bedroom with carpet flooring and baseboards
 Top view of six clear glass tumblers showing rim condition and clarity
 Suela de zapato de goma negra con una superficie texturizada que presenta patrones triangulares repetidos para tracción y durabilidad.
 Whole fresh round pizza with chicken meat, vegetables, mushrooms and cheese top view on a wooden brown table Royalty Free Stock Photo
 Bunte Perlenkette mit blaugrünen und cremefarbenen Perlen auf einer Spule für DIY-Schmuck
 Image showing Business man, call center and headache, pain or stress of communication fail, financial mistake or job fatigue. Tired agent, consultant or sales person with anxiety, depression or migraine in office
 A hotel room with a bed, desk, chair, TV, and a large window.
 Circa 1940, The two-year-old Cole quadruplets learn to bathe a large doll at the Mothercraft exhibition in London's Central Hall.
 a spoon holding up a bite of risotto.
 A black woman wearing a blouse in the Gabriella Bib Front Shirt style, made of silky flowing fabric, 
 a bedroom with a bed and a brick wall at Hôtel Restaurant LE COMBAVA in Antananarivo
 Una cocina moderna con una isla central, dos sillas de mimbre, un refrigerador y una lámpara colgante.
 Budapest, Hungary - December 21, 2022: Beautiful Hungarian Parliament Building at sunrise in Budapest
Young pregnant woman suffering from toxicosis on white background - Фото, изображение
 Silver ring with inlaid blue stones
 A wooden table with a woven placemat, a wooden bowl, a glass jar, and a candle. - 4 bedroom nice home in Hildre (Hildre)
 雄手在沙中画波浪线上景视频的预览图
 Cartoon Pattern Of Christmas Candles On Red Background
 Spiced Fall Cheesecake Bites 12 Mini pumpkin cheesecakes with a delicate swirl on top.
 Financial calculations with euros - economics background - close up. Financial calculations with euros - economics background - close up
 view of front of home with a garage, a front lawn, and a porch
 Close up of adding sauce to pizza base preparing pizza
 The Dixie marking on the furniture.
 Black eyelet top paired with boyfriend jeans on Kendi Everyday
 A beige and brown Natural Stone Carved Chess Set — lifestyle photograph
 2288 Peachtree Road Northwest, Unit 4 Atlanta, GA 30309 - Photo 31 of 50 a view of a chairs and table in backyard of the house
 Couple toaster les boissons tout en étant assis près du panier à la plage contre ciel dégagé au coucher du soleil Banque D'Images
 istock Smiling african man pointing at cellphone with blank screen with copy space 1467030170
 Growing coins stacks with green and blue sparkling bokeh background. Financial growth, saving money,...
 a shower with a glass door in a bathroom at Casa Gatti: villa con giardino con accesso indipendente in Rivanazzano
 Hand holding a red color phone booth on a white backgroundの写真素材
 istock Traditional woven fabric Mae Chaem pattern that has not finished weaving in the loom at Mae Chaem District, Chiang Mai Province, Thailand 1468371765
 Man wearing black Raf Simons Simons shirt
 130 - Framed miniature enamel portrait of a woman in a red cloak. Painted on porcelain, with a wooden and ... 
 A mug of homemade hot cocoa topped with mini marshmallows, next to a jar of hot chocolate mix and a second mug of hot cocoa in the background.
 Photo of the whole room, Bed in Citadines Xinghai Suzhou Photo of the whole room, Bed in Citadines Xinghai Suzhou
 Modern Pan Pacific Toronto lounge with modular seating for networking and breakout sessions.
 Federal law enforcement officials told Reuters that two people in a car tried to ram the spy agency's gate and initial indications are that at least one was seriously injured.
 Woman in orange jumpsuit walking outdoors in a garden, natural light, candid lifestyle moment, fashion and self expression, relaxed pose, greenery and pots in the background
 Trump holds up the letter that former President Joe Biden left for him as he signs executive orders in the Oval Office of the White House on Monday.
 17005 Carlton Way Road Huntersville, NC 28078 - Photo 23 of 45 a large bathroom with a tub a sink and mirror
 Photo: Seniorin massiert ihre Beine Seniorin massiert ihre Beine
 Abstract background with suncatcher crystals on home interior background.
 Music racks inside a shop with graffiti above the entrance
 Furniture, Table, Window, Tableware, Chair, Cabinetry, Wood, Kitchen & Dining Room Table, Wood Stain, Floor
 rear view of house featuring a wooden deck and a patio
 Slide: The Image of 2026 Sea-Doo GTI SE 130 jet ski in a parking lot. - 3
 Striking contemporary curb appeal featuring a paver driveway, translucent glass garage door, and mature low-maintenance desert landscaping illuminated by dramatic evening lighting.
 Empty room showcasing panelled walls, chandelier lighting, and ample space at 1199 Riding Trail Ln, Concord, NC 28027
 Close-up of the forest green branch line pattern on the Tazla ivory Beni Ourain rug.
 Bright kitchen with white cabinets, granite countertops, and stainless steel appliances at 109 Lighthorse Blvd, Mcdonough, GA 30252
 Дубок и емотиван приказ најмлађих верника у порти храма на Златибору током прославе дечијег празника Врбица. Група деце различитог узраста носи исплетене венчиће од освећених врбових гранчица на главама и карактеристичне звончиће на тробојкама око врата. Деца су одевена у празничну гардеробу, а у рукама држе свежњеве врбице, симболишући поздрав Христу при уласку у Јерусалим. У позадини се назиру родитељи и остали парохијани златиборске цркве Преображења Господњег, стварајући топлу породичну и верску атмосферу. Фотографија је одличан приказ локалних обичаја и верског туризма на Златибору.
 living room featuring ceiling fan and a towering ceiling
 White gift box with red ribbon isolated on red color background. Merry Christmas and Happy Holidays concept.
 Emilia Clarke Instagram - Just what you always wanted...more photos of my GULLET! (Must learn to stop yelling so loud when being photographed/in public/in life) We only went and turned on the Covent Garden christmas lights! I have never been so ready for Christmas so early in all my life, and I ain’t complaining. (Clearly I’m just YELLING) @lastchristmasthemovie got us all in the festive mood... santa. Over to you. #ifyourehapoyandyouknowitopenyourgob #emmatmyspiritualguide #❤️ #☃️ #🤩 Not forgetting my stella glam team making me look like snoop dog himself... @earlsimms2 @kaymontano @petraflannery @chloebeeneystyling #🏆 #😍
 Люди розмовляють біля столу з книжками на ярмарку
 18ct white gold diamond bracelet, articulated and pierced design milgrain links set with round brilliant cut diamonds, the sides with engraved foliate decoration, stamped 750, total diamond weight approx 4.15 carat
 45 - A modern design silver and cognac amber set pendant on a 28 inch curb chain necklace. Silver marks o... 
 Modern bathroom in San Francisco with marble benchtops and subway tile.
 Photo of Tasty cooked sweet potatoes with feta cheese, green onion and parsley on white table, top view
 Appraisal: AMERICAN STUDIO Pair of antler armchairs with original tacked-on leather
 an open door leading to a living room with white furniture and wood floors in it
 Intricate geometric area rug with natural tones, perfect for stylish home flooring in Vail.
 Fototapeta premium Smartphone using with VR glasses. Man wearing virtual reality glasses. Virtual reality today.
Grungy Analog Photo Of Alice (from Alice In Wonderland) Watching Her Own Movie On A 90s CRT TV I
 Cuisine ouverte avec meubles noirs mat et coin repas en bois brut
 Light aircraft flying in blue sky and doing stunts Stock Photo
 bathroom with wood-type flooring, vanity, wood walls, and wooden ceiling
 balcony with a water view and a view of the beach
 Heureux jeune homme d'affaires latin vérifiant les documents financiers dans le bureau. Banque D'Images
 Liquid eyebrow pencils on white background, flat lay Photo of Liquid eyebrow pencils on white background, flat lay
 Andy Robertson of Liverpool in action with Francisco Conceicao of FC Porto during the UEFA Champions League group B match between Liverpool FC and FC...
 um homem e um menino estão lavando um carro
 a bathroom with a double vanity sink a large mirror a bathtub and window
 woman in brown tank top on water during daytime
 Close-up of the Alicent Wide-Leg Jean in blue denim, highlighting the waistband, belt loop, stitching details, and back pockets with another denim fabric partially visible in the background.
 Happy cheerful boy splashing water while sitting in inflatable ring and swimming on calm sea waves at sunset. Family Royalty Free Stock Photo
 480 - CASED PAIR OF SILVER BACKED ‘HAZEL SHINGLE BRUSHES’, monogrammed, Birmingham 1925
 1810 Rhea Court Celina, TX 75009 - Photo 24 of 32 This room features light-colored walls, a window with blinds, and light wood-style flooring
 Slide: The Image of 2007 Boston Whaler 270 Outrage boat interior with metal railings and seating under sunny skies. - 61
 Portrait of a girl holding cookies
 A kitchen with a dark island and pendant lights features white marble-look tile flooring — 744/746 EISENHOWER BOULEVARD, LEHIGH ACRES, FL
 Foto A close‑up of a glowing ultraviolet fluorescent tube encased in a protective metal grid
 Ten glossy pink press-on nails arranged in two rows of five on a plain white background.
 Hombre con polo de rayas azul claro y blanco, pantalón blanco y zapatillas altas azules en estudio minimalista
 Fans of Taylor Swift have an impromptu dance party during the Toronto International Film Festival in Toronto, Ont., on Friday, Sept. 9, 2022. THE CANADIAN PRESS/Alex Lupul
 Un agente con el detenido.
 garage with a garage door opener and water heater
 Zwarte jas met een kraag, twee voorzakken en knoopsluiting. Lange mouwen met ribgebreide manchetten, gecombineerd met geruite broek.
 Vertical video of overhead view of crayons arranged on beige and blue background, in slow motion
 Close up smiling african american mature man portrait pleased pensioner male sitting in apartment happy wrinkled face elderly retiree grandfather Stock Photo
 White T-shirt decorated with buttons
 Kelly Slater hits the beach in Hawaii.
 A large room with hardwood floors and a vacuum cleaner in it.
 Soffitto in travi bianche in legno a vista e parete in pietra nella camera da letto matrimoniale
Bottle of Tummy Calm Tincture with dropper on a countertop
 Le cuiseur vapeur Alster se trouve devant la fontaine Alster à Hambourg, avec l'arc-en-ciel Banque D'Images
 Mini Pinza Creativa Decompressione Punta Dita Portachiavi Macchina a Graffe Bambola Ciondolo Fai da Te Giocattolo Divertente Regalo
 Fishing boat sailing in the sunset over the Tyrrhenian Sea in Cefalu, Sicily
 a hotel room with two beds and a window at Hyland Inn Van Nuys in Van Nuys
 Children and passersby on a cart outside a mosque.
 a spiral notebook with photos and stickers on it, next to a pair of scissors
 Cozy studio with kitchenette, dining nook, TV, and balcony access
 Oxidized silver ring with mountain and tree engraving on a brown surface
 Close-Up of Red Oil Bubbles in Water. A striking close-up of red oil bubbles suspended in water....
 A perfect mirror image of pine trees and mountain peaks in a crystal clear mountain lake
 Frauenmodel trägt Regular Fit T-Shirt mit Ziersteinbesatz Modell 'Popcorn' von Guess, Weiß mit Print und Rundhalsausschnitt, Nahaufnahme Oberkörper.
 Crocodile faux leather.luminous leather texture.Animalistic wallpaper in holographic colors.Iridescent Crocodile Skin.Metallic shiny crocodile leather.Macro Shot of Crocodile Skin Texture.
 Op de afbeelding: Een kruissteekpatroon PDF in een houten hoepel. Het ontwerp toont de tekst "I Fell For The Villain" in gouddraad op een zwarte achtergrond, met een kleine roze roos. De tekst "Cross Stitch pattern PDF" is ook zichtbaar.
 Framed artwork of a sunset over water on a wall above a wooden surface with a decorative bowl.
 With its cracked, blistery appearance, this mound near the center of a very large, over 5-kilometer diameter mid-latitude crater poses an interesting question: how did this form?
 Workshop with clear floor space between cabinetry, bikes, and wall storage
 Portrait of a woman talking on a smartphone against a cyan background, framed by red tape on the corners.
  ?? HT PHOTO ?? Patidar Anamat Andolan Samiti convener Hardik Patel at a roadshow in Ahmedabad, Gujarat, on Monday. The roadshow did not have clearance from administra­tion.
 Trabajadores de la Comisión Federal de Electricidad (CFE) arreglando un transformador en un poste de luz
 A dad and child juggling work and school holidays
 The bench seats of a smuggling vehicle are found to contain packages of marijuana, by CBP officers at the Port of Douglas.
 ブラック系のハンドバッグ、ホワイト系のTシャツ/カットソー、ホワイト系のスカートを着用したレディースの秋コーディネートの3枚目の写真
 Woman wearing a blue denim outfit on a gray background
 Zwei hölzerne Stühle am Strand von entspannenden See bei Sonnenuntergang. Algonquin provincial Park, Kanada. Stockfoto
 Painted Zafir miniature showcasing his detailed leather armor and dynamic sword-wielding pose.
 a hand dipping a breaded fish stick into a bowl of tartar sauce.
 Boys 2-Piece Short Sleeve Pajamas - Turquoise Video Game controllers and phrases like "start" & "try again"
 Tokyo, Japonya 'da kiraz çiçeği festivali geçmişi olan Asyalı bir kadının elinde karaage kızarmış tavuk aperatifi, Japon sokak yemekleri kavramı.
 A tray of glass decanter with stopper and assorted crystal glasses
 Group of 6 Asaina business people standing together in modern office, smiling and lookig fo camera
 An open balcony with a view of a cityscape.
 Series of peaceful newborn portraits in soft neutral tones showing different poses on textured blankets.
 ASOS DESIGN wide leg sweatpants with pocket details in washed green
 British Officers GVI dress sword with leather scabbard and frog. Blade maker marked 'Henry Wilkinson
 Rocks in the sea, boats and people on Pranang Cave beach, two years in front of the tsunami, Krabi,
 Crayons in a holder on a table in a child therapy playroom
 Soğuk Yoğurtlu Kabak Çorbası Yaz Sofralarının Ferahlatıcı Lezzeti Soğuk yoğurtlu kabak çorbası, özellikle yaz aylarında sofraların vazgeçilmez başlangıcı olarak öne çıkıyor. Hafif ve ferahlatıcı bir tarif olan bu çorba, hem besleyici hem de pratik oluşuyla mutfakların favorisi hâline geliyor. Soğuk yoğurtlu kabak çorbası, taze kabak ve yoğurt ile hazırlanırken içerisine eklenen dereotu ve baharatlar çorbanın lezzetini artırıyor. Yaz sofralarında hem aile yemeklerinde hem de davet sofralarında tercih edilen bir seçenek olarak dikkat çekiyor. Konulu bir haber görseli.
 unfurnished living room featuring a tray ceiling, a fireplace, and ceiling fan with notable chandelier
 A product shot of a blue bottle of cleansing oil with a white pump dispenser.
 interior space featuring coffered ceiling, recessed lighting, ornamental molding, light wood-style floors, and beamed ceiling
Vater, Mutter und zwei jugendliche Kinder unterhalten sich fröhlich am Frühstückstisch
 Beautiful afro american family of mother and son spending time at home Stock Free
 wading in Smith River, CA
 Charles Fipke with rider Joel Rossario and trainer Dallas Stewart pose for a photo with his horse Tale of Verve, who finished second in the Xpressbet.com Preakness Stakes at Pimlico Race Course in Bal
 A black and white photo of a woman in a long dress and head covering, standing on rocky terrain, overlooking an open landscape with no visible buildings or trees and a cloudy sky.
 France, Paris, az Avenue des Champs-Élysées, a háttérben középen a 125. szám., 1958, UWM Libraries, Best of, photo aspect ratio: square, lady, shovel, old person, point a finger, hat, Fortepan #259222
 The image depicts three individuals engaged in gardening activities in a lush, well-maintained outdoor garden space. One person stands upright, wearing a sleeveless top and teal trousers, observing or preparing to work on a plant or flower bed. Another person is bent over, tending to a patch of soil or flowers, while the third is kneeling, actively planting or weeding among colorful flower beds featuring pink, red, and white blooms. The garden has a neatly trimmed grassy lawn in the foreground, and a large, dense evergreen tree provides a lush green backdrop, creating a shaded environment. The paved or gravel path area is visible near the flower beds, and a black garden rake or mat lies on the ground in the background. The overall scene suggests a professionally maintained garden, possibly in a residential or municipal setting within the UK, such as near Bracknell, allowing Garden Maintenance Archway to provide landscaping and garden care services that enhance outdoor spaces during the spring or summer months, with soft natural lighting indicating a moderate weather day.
== == ==
▶ [WORK INSTRUCTIONS]: For the word "Beautiful", count the lines of the data that contain it and give only the count.

▶ [EXERCISE SOLUTION]: 2